For some URL-centric structures such as RDF graphs and XML documents, there becomes a core requirement to manage hash-like operations to compare URL values or to detect the presence of a URL in a cache. While Rust’s built-in hash implementation, and by extension collections such as HashMap and HashSet, may be used they provide a closed implementation that cannot be used in a language-portable, or persistent manner without effort. This

The purpose of the type UrlHash is to provide a stable value that represents a stable cryptographic hash of a single URL value that can be replicated across different platforms, and programming environments.

Example

use url::Url;
use url_hash::UrlHash;

let url = Url::parse("https://doc.rust-lang.org/").unwrap();
let hash =  UrlHash::from(url);
println!("{}", hash);

Specification

This section attempts to describe the implementation in a language and platform neutral manner such that it may be replicated elsewhere.

Calculation

The basis of the hash is the SHA-256 digest algorithm which is calculated over a partially-canonical URL.

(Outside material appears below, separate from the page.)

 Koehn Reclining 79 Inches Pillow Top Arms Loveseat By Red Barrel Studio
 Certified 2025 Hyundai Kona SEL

  1. The scheme component of the URL is converted to lower-case.
  2. The host component of the URL is converted to lower-case.
  3. The host component has Unicode normalization via punycode replacement.
  4. The port component is removed if it is the default for the given scheme (80 for http, 443 for https, etc.).
  5. The path component of the URL has any relative components (specified with "." and "..") removed.
  6. An empty path component is replaced with "/".
  7. The path, query, and fragment components are URL-encoded.

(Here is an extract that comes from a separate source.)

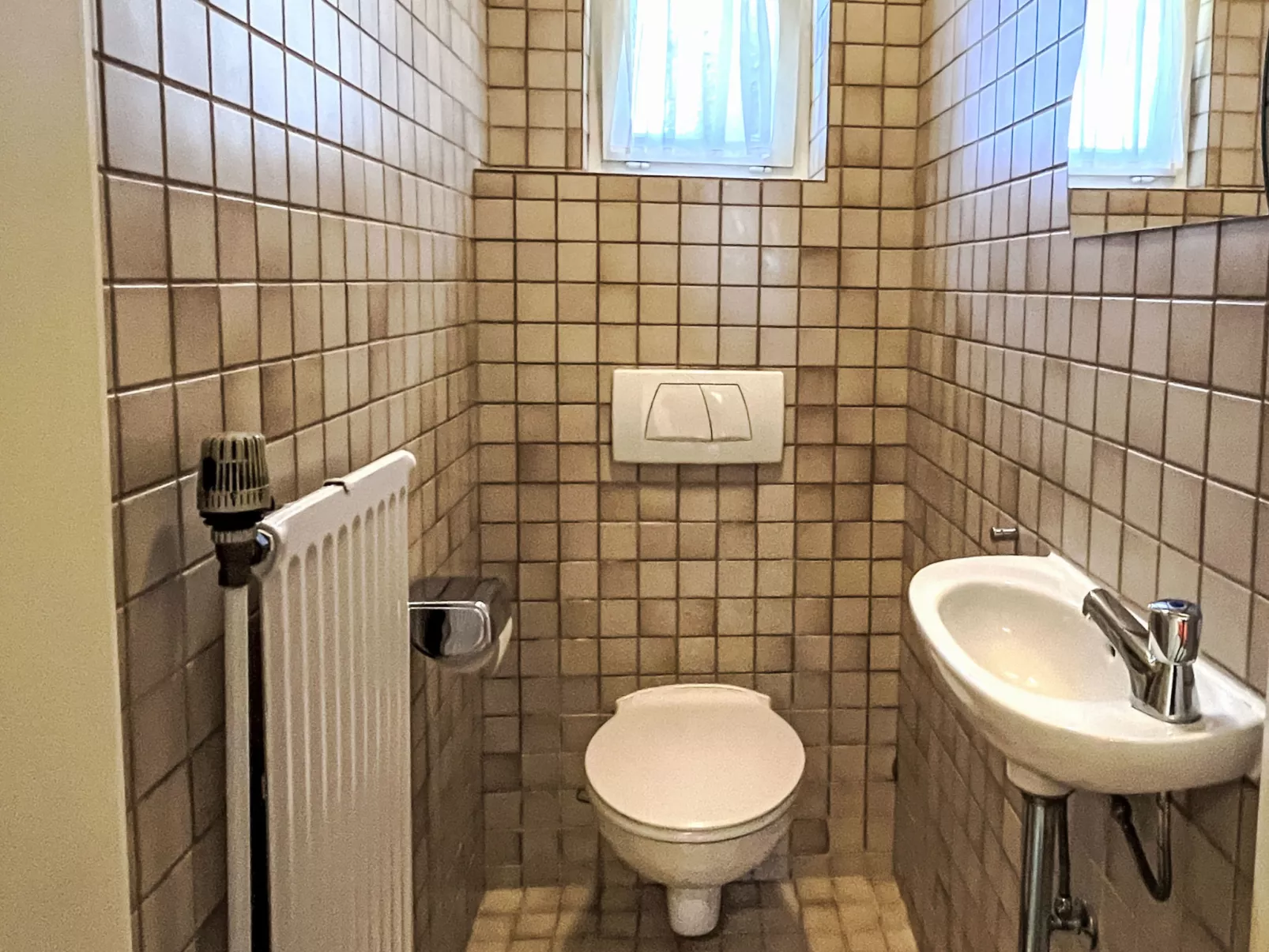 Sonnenbühl - Dedans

The following table demonstrates some of the results of the rules listed above.

#InputOutput
1hTTpS://example.com/https://example.com/
2https://Example.COM/https://example.com/
3https://exâmple.com/https://xn--exmple-xta.com/
3https://example§.com/https://xn--example-eja.com/
4http://example.com:80/http://example.com/
4https://example.com:443/https://example.com/
5https://example.com/foo/../bar/./baz.jpghttps://example.com/bar/baz.jpg
6https://example.comhttps://example.com/
7https://example.com/hello worldhttps://example.com/hello%20world
7https://example.com/?q=hello worldhttps://example.com/?q=hello%20world
7https://example.com/?q=hello#to worldhttps://example.com/?q=hello#to%20world

Representation

The resulting SHA-256 is a 256 bit, or 32 byte value. This is stored as four 64-bit (8 byte) unsigned integer values which are converted from the digest bytes in little endian order. The following code demonstrates the creation of these values from the bytes representing the digest.

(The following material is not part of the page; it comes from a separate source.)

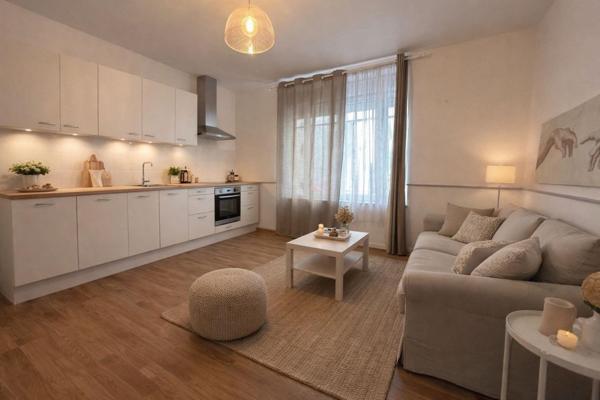 appartement type 2 hypercentre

The following code demonstrates the creation of these four values from the digest bytes.

let bytes: [u8;32] = digest_bytes();

let value_1 = u64::from_le_bytes(bytes[0..8].try_into().unwrap());
let value_2 = u64::from_le_bytes(bytes[8..16].try_into().unwrap());
let value_3 = u64::from_le_bytes(bytes[16..24].try_into().unwrap());
let value_4 = u64::from_le_bytes(bytes[24..32].try_into().unwrap());

Short Forms

In some cases it is not necessary to store or pass around the entire UrlHash 32-byte value when a trade-off for hash collision over space may be safely made. To allow for these trade-offs each UrlHash instance may be converted into a 16-byte UrlShortHash which contains only the first two 64-bit unsigned values of the full hash, or an 8-byte UrlVeryShortHash which contains only the first 64-bit unsigned value of the full hash.

The following code demonstrates the creation of short (truncated) hashes as well as the prefix tests starts_with and starts_with_just.

let url = Url::parse("https://doc.rust-lang.org/").unwrap();
let hash =  UrlHash::from(url);

let short = hash.short();
assert!(hash.starts_with(&short));

let very_short = hash.very_short();
assert!(short.starts_with(&very_short));
assert!(hash.starts_with_just(&very_short));

assert_eq!(very_short, hash.very_short());

Structs

  • This type represents a secure, stable, hash value for a Url using an SHA-256 digest algorithm. While this hash may be tested for equality (and strict inequality) no other relations, such as ordering, are supported.
  • This type contains the first half of a UrlHash instance where a less secure test using a truncated hash value is acceptable.
  • This type contains the first quarter of a UrlHash instance where a less secure test using a truncated hash value is acceptable.